▶ **What the task requires**
Beginning with the line containing "Árbol de Problemas" and going on through the line containing "国内手机市场8月出货量2260.3万部:国产占94.2%!", the lines below are to be returned exactly, pictures excluded and nothing added.

[Opening Data for this exercise section]

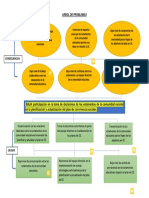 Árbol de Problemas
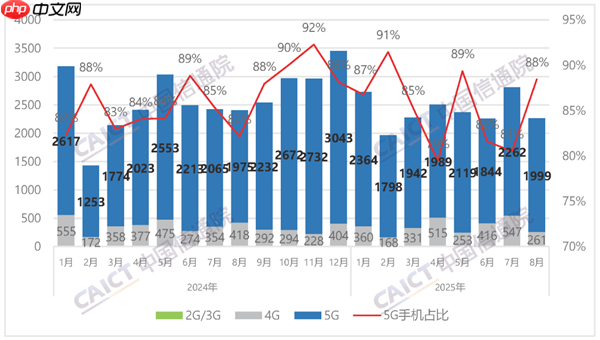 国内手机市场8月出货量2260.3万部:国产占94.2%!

[Closing Data for this exercise section]
[Opening Data for this exercise section]

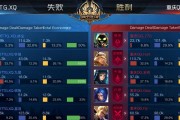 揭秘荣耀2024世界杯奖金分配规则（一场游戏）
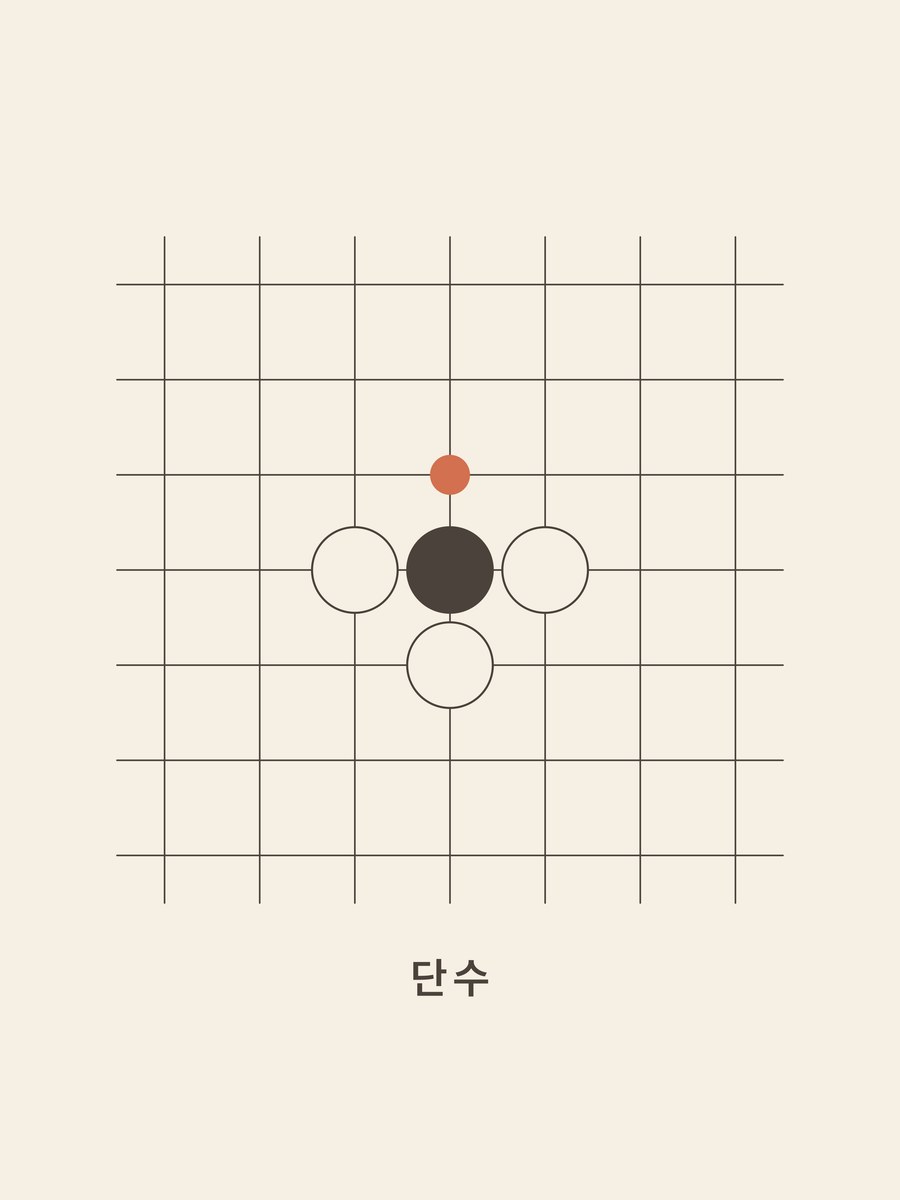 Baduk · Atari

[Closing Data for this exercise section]
[Opening Data for this exercise section]

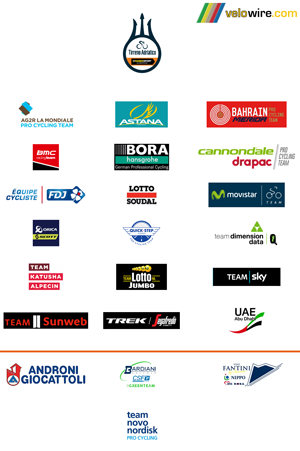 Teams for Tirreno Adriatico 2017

[Closing Data for this exercise section]

▶ **Worked solution**
 Árbol de Problemas
 国内手机市场8月出货量2260.3万部:国产占94.2%!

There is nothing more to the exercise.